Si può fare diversamente? Sì, ma questo comporta la ridiscussione di due punti, sui quali francesi e tedeschi hanno posizioni divergenti: non è possibile considerare l’euro un marco messo a disposizione degli altri e la Banca centrale europea una succursale dipendente dalla Bundesbank, ma neanche è possibile immaginare forme di federalizzazione del debito (ce ne sono diverse, tecnicamente possibili) che non comportino cessione ulteriore di sovranità. Sul primo punto resistono i tedeschi, sul secondo i francesi, posto che il primo vede nei francesi degli oppositori e il secondo ha i tedeschi fra i fautori. L’annuncio del “gruppo di lavoro” equivale a dire: ce la vediamo fra di noi. Lo scrivo nuovamente: per gli altri governi è un brutto colpo.
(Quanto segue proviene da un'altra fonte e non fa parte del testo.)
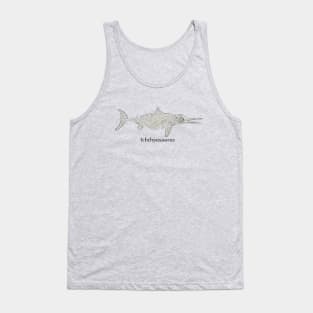 Ichthyosaurus Tank Top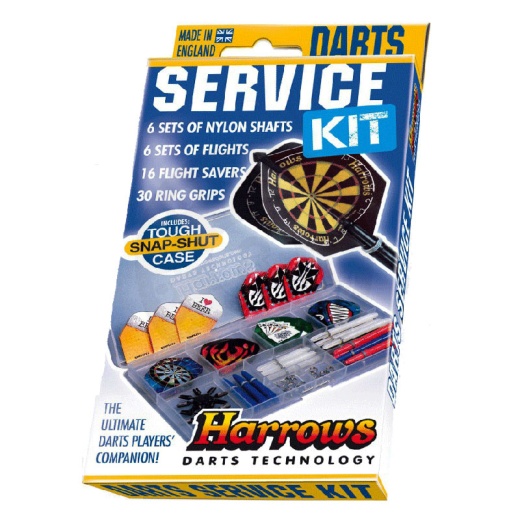 Harrows Service Kit ryhmässä PÖYTÄPELIT / Darts / Tikka tarvikkeet @ Spelexperten (129-1130)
Il guaio è che in diversi, compresa l’Italia del governo Monti, sono prima corsi a mettersi sotto l’ala protettiva dei tedeschi, salvo accorgersi che non solo non proteggeva affatto, ma, anzi, il sistema produttivo tedesco provava il colpo gobbo di fregare il nostro, a quel punto si sono rivolti ai francesi, proponendo una specie di fronte latino, da opporre alla Merkel. Non ha funzionato, perché i francesi, a loro volta, hanno bisogno dei tedeschi per proteggere le loro banche, conciate in modo assai più disastrato delle nostre. Siamo, dunque, in un vicolo cieco? Non è detto.
Se la signora Merkel userà il rapporto con Hollande in modo da far valere, nel proprio Parlamento e fra i propri elettori, l’idea che un nuovo trattato, quindi un’Unione più integrata, siano non solo convenienti, ma anche l’unico modo per conservare alla Germania il ruolo di guida, senza riconsegnarla all’incubo egemonico che la perda, per la terza volta in un secolo, e se Hollande saprà usare il rapporto con la Merkel per spiegare ai francesi che isolati vanno al massacro, mentre la cessione di sovranità sarà lo strumento per esercitarne una più vasta e potente, europea, se queste due combinazioni virtuose s’incontrassero sarebbe, finalmente, una buona notizia.
La partita è aperta, dunque. Fa rabbia che gli italiani non siano né in campo né in panchina, ma fra il pubblico pagante.